With the pictures omitted, print exactly the lines below, from the one containing "Marie Osmond Please" through the one containing "Pijama corto de", and nothing else.

## DATA RECORDS
··········
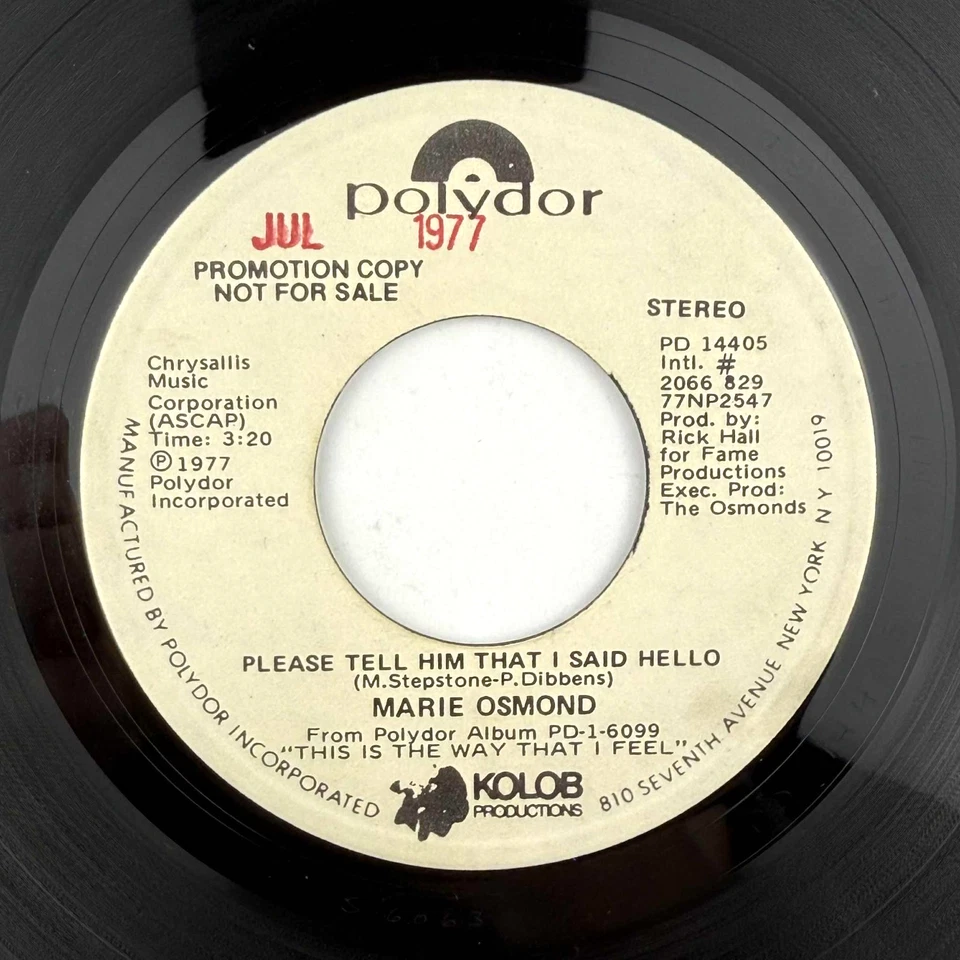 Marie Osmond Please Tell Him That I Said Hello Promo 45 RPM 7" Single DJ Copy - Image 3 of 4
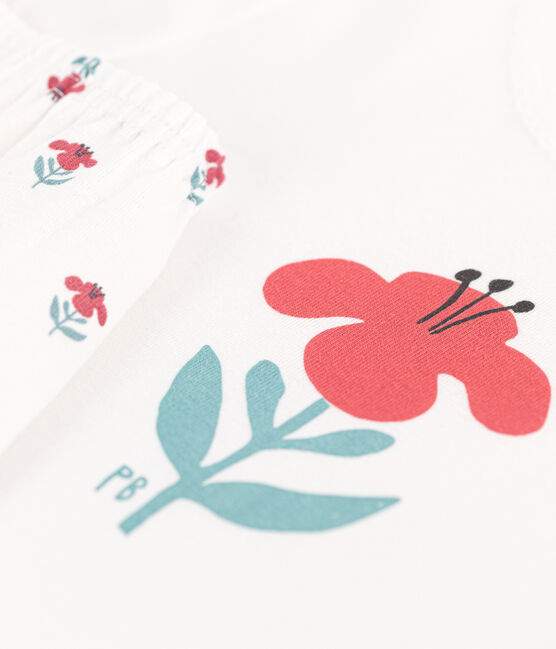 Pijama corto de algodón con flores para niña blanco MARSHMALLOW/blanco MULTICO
··········
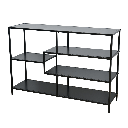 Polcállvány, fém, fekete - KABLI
··········
## PROBLEM SOLUTION
 Marie Osmond Please Tell Him That I Said Hello Promo 45 RPM 7" Single DJ Copy - Image 3 of 4
 Pijama corto de algodón con flores para niña blanco MARSHMALLOW/blanco MULTICO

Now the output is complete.